Provided entries =>
= = = =

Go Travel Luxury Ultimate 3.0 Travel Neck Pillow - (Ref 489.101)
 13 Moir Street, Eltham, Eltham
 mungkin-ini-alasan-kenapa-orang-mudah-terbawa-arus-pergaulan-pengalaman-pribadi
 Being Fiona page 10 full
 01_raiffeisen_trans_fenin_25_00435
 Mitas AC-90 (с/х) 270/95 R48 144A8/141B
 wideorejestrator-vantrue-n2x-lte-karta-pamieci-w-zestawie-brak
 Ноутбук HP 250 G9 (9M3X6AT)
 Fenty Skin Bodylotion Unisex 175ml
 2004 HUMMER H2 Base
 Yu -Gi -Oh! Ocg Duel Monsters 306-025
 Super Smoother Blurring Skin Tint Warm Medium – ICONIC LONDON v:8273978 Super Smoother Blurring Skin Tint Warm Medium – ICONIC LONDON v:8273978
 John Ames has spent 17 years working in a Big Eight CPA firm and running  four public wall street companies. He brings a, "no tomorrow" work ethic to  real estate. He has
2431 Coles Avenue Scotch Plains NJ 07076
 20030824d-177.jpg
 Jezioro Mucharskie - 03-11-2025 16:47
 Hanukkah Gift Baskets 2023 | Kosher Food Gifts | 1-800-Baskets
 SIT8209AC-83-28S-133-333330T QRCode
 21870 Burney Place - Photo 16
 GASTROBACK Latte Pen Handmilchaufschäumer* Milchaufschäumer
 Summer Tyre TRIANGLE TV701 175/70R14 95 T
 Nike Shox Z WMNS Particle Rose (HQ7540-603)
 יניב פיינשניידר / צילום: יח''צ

= = = =

Instructions for the task => Every line above in which the word "Skin" is present must be copied into the answer.

Expected answer =>
 Fenty Skin Bodylotion Unisex 175ml
 Super Smoother Blurring Skin Tint Warm Medium – ICONIC LONDON v:8273978 Super Smoother Blurring Skin Tint Warm Medium – ICONIC LONDON v:8273978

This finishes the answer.